22 July 2017



This Millefleur Press broadside of the Sacred Heart is based on one of my ink drawings on paper. A scan of my drawing, slightly enlarged and modified, was used to create the plate for letterpress printing.

When challenged by one of my patrons to create a new image of the Sacred Heart of Jesus, I determined to reconnect this devotion to its early expressions in the visions of St. Gertrude, and to create an image with the vigor and precision of late medieval art. The 1467 Sanctus Salvator engraving by the Master E.S. is the most obvious artistic influence on the figure I drew.

The Sacred Heart itself, in its oldest depictions, is flat, simple and symmetrical. Later artists gave it more dimension and detail, but without making it accurate anatomically. Their result, I think, is artistically disastrous: something like a dripping strawberry with a tube projecting from its top. Here, I have done the opposite: I started with the shape of a realistic heart, and reduced that to a stylized emblem.

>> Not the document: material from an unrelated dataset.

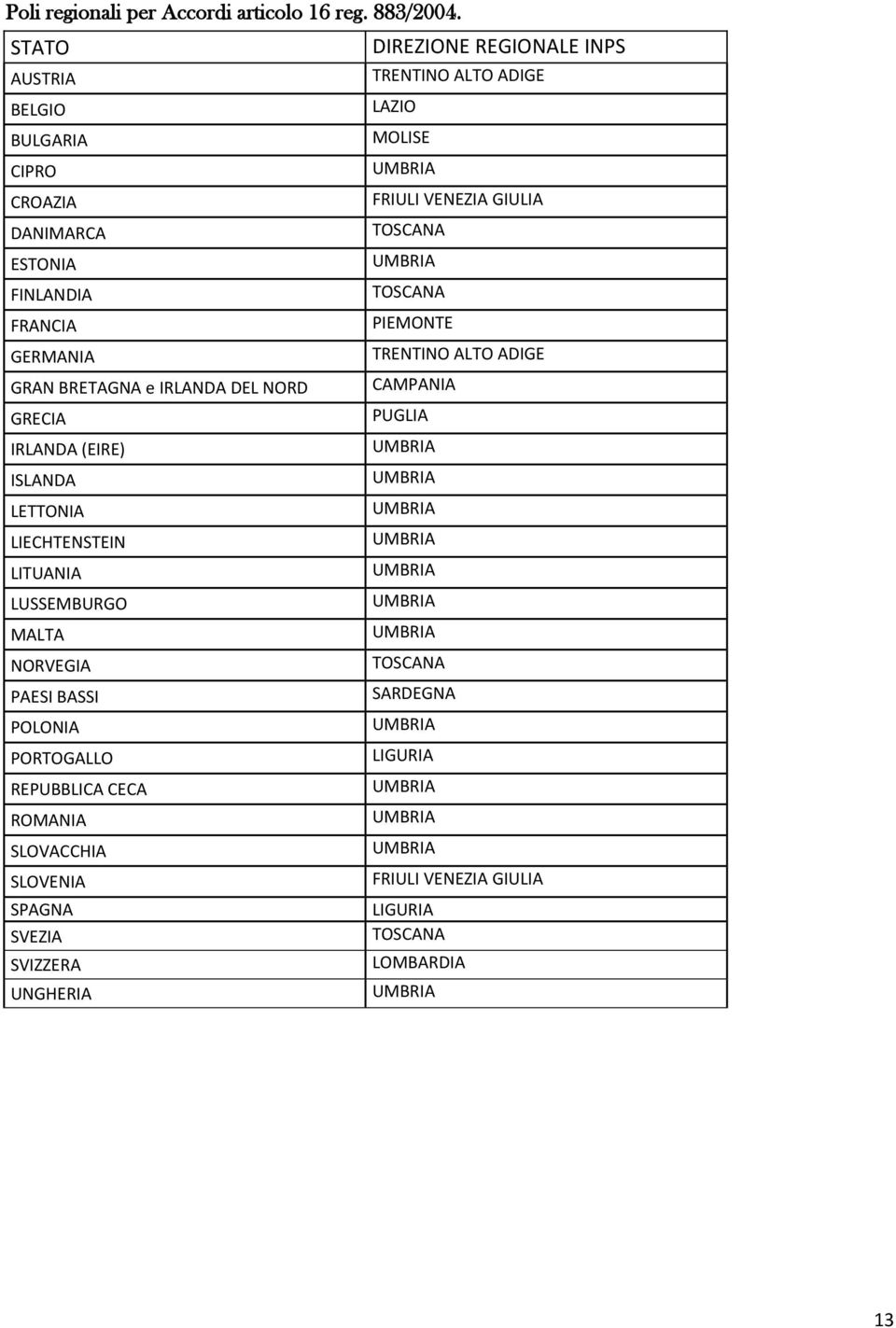 FINLANDIA TOSCANA FRANCIA PIEMONTE GERMANIA TRENTINO ALTO ADIGE GRAN BRETAGNA e IRLANDA DEL NORD CAMPANIA GRECIA PUGLIA IRLANDA (EIRE) UMBRIA ISLANDA UMBRIA LETTONIA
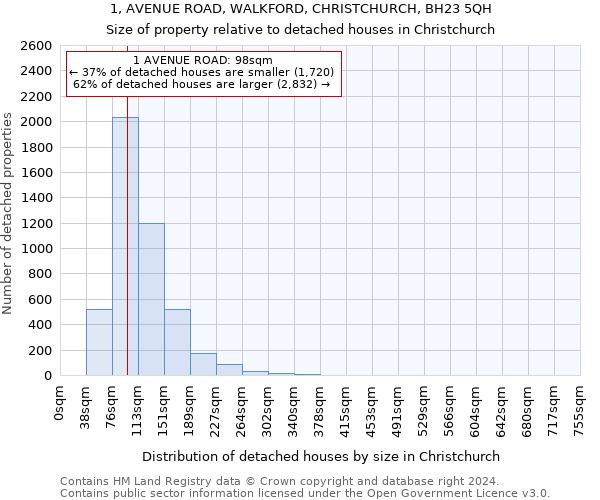 1, AVENUE ROAD, WALKFORD, CHRISTCHURCH, BH23 5QH: Size of property relative to detached houses in Christchurch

I placed the emblem within a frame shaped as an ogee trefoil intersecting with an equilateral triangle. This is meant to suggest the triple invocations to the Holy Trinity and the triple petitions in the Kyrie Eleison that begin the Litany of the Sacred Heart. The Crown of Thorns fills the entire space beteween the edge of the heart and the frame.

The animals that appear in the halo include sea horses, embryonic dogfish in their tendrilous egg cases, platypodes, chameleons, lyrebirds and a pangolin. Here, I further another of my long-term artistic projects: the application of the vision of God in nature (one of the most important principles of medieval art) to contemporary knowledge of nature. As I wrote in 2013:
The temptation, for a modern man, is simply to snicker at the authors of the bestiaries for their zoological naïvety. But they were working with the best knowledge they had, and their being mistaken in the details does not prove that their method of interpretation was fallacious. If we no longer find symbols of Christ in the behavior of pelicans and lions, is it because they are not there, or is it because we have ceased to look for them? Were we to embrace again a theophanic worldview, might not our current knowledge yield even more profound symbols?
In the animals chosen here, I see symbols of universality; they represent all of creation worshipping its God. Chameleons are creatures that seem to contain within themselves all colors, and lyrebirds are creatures that seem to contain within themselves all sounds. Platypodes and pangolins are beasts so peculiar in their anatomy that they resemble animals of every class. Dogfish and sea horses (as their names suggest) are aquatic creatures that resemble terrestrial ones.

The Latin inscription that runs around the perimeter is the versicle and response that end the Litany of the Sacred Heart: Jesus, meek and humble of heart, make our heart like unto Thine. On the cope worn by Jesus Christ is a pattern composed of the words JESUS CHRISTUS DEUS HOMO in orthogonal letters and a labyrinth that once decorated the floor of the Basilica of St. Bertin at St. Omer.